Modeling Survival in model-based Reinforcement Learning
- URL: http://arxiv.org/abs/2004.08648v1
- Date: Sat, 18 Apr 2020 15:49:11 GMT
- Title: Modeling Survival in model-based Reinforcement Learning
- Authors: Saeed Moazami, Peggy Doerschuk
- Abstract summary: This work presents the notion of survival by discussing cases in which the agent's goal is to survive.
A substitute model for the reward function approxor is introduced that learns to avoid terminal states.
Focusing on terminal states, as a small fraction of state-space, reduces the training effort drastically.
- Score: 0.0
- License: http://arxiv.org/licenses/nonexclusive-distrib/1.0/
- Abstract: Although recent model-free reinforcement learning algorithms have been shown
to be capable of mastering complicated decision-making tasks, the sample
complexity of these methods has remained a hurdle to utilizing them in many
real-world applications. In this regard, model-based reinforcement learning
proposes some remedies. Yet, inherently, model-based methods are more
computationally expensive and susceptible to sub-optimality. One reason is that
model-generated data are always less accurate than real data, and this often
leads to inaccurate transition and reward function models. With the aim to
mitigate this problem, this work presents the notion of survival by discussing
cases in which the agent's goal is to survive and its analogy to maximizing the
expected rewards.
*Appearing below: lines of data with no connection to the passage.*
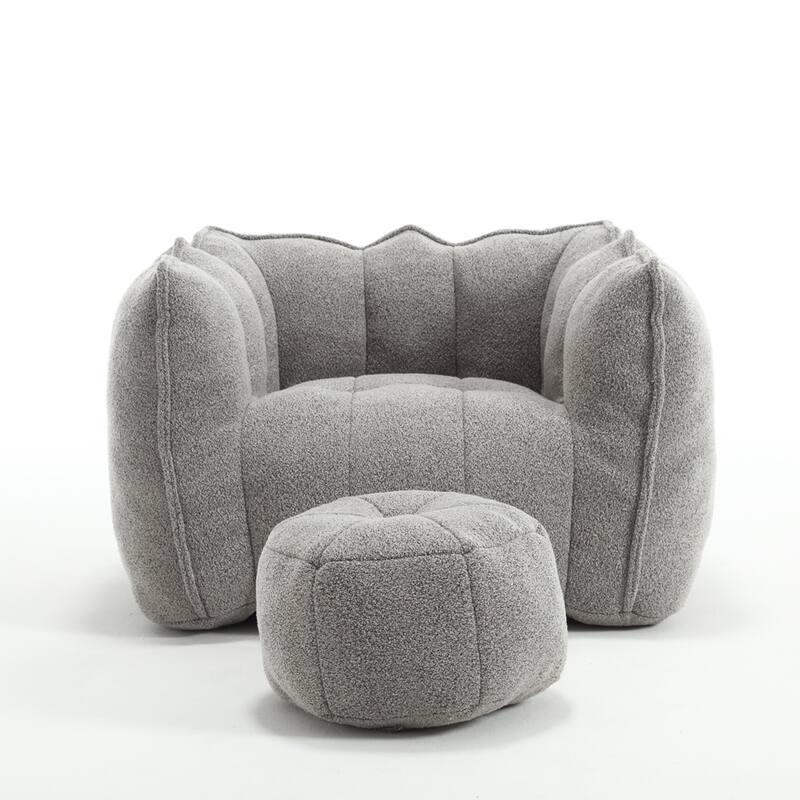 Soft Comfortable Bean Bag Chair with Footstool for living room and bedroom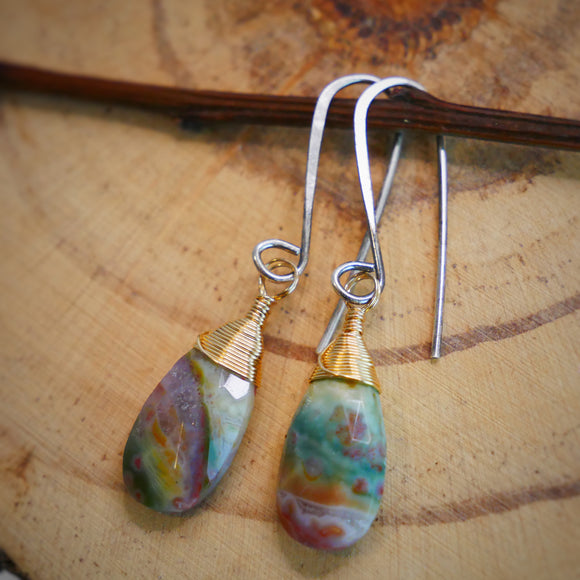 Jasper Threader Earrings Silver and Gold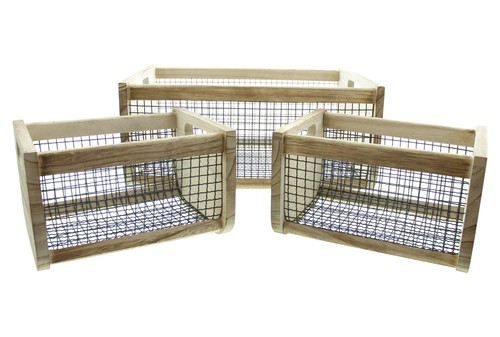 Holzkiste trend 3er set - holzkiste, "trend",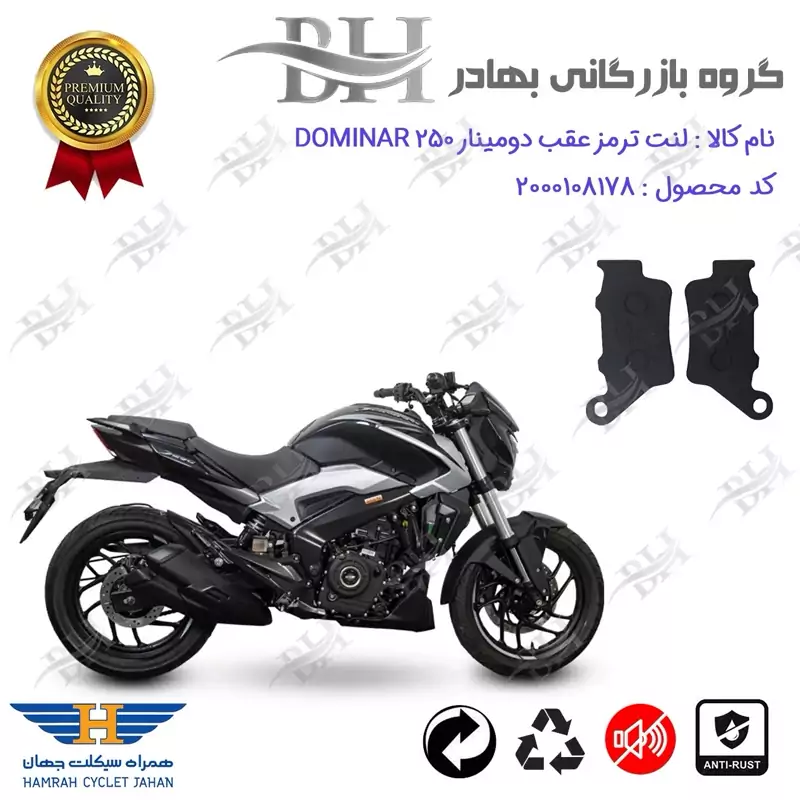 لنت دیسکی ترمز عقب موتور سیکلت کد 2134 مناسب برای باجاج دومینار 250 BAJAJ DOMINAR همراه سیکلت جهان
To that end, a substitute model for the reward function
approximator is introduced that learns to avoid terminal states rather than to
maximize accumulated rewards from safe states. Focusing on terminal states, as
a small fraction of state-space, reduces the training effort drastically. Next,
a model-based reinforcement learning method is proposed (Survive) to train an
agent to avoid dangerous states through a safety map model built upon temporal
credit assignment in the vicinity of terminal states. Finally, the performance
of the presented algorithm is investigated, along with a comparison between the
proposed and current methods.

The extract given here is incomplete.